City of Terre Haute v. Pairsh

MAY, Judge,

dissenting.

The evidence the City designated does not establish as a matter of law that its decision not to repair the sidewalk where Pairsh fell was performance of a discretionary function that entitles the City to tort immunity. I therefore believe the denial of the City’s summary judgment motion was correct, and I must respectfully dissent.

*1209Because the Tort Claims Act is in derogation of the common law, we must construe it narrowly and decline to find immunity if possible. Madden v. Indiana Dept. of Transp., 832 N.E.2d 1122, 1126 (Ind.Ct.App.2005). The party seeking immunity, here the City, bears the burden of proving it is shielded from liability. Id.

The Decker affidavit, on which the majority relies, states “the City counsel1 [sic] along with the Mayor has determined that given our City [sic] limited budget and manpower, it is impossible to fix all sidewalks; therefore, the decision was made to prioritize” sidewalk repair, and Decker says he was assigned to inspect and rate sidewalks for that purpose. (App. at 25.) I do not believe we may find discretionary function immunity on that basis. See Madden, 832 N.E.2d at 1128 (no discretionary function immunity based solely on testimony by a representative of the governmental entity that meetings were held, without written documentation of the meetings).

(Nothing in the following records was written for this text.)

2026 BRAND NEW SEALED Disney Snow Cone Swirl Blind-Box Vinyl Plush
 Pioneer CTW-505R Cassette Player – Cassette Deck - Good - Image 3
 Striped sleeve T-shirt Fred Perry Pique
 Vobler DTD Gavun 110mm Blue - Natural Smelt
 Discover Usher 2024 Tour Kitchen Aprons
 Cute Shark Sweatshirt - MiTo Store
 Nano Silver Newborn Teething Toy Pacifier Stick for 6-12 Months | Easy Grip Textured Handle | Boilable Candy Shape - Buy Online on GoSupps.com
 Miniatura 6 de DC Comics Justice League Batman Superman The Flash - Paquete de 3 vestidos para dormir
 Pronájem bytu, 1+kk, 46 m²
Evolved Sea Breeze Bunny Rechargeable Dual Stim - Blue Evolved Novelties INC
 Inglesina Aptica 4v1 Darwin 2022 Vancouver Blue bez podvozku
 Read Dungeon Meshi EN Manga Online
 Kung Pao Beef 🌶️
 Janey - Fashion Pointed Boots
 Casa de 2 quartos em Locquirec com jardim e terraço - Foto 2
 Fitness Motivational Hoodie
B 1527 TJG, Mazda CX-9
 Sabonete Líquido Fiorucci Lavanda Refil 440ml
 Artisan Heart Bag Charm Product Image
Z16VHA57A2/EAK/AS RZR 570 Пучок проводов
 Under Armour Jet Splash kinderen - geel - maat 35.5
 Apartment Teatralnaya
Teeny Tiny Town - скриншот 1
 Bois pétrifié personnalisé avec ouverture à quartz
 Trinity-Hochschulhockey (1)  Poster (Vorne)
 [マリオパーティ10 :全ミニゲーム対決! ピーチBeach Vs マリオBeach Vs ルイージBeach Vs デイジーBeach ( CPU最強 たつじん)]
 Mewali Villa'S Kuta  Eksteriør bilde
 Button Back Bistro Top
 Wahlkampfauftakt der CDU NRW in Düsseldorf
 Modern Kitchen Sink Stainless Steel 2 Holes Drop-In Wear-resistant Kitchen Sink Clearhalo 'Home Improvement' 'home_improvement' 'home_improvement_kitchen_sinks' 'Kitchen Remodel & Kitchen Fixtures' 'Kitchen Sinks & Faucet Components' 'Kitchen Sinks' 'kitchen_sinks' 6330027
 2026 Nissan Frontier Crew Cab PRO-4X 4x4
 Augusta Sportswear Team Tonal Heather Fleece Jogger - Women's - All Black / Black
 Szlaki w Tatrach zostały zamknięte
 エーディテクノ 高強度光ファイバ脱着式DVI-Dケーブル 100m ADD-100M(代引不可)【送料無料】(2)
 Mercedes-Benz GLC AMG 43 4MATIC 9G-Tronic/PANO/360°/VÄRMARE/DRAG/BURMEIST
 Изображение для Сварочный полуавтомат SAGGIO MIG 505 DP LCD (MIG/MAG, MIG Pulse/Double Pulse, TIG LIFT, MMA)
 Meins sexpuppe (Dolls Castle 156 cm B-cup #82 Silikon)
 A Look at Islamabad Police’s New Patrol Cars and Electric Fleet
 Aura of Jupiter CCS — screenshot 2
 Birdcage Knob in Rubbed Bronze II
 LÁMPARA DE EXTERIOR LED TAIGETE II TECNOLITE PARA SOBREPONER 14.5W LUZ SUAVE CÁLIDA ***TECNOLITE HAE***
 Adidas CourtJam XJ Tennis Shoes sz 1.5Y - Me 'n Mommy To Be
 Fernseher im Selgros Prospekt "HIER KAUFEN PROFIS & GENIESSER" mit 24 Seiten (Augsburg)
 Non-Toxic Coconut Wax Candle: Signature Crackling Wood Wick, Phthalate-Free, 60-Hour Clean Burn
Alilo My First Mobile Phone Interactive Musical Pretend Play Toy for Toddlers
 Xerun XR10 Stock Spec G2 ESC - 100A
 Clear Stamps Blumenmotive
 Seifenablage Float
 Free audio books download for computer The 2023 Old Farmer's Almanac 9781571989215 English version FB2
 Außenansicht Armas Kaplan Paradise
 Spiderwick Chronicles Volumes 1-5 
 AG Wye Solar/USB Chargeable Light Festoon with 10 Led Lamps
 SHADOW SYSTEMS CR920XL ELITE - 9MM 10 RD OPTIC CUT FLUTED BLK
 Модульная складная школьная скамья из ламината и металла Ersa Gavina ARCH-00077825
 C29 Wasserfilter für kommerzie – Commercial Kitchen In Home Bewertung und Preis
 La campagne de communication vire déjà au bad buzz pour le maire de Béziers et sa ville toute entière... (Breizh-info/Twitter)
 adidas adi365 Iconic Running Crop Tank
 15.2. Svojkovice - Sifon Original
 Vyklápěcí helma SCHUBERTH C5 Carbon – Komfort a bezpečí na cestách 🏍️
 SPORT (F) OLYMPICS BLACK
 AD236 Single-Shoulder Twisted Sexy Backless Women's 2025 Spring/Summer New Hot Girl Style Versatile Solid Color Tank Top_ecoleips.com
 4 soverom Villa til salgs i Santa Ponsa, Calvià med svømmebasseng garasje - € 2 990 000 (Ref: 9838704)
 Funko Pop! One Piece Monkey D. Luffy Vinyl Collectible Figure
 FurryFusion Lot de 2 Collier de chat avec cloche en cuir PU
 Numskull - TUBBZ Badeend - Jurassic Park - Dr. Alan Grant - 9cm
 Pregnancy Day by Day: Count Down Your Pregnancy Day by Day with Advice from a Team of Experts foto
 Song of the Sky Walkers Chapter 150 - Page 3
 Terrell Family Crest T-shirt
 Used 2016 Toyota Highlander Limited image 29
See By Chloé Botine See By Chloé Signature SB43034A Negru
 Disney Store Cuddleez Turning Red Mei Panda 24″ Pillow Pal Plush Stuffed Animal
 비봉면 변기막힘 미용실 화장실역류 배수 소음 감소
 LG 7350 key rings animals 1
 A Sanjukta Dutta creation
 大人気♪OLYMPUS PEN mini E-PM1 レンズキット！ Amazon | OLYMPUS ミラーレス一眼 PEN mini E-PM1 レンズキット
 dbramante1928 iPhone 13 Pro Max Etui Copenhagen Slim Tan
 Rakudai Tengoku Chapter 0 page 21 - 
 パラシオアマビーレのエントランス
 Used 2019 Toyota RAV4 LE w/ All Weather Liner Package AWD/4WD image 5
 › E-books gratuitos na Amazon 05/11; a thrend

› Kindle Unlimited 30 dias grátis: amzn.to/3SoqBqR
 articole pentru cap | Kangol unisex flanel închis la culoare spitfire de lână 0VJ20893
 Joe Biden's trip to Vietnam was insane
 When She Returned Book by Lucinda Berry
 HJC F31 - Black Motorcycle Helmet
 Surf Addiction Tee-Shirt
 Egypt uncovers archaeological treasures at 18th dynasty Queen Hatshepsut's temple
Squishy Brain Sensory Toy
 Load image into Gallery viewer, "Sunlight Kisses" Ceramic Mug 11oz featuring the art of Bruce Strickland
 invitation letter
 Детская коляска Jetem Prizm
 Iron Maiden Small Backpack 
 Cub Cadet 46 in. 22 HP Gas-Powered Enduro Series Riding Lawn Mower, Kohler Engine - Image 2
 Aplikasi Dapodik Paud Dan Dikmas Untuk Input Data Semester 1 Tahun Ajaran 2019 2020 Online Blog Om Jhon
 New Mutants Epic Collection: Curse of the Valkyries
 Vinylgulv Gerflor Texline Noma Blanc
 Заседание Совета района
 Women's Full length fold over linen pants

Boards and commissions speak or act officially only through the minutes and records made at duly organized meetings. Scott v. City of Seymour, 659 N.E.2d 585, 588 (Ind.Ct.App.1995). The public policy decisions that are entitled to discretionary function immunity must have been made by the governmental entity in its official capacity. Id. Unless the government entity submits minutes of meetings, a trial court cannot conclude the entity is entitled to immunity based on the exercise of its official judgment. Id.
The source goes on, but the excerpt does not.